— TASK TO CARRY OUT —
Copy every line of the records below that holds the word "White".

— SUPPLIED RECORDS —
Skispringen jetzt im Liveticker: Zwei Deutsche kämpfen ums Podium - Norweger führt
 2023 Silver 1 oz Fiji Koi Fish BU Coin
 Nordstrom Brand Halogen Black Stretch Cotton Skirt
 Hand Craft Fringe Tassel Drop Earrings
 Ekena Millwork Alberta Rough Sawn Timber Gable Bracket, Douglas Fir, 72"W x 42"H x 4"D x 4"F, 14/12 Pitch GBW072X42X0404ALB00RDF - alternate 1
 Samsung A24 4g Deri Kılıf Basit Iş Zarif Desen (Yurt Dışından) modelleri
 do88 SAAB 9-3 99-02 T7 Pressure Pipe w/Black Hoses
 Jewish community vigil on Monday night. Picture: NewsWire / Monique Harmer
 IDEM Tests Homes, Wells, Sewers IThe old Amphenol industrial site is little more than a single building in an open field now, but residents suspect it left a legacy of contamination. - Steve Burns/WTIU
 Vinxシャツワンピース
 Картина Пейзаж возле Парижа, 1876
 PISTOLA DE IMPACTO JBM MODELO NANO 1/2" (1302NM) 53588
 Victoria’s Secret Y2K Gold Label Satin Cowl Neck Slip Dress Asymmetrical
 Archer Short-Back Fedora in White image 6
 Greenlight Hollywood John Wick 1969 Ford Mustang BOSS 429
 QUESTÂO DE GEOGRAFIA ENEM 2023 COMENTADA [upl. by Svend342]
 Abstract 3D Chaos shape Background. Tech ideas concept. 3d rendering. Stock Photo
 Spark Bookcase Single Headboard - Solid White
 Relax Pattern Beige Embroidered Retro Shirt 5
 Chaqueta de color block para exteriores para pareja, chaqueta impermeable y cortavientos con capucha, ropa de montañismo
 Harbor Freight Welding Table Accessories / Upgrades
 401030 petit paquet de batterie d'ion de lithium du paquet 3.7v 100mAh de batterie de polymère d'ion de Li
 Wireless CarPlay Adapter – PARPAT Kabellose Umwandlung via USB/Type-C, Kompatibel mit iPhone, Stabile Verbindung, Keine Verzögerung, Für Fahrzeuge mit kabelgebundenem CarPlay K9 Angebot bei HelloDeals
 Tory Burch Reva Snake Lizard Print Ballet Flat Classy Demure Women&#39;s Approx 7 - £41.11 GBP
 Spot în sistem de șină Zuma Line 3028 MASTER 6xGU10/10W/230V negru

— OUTPUT OF THE EXERCISE —
 Archer Short-Back Fedora in White image 6
 Spark Bookcase Single Headboard - Solid White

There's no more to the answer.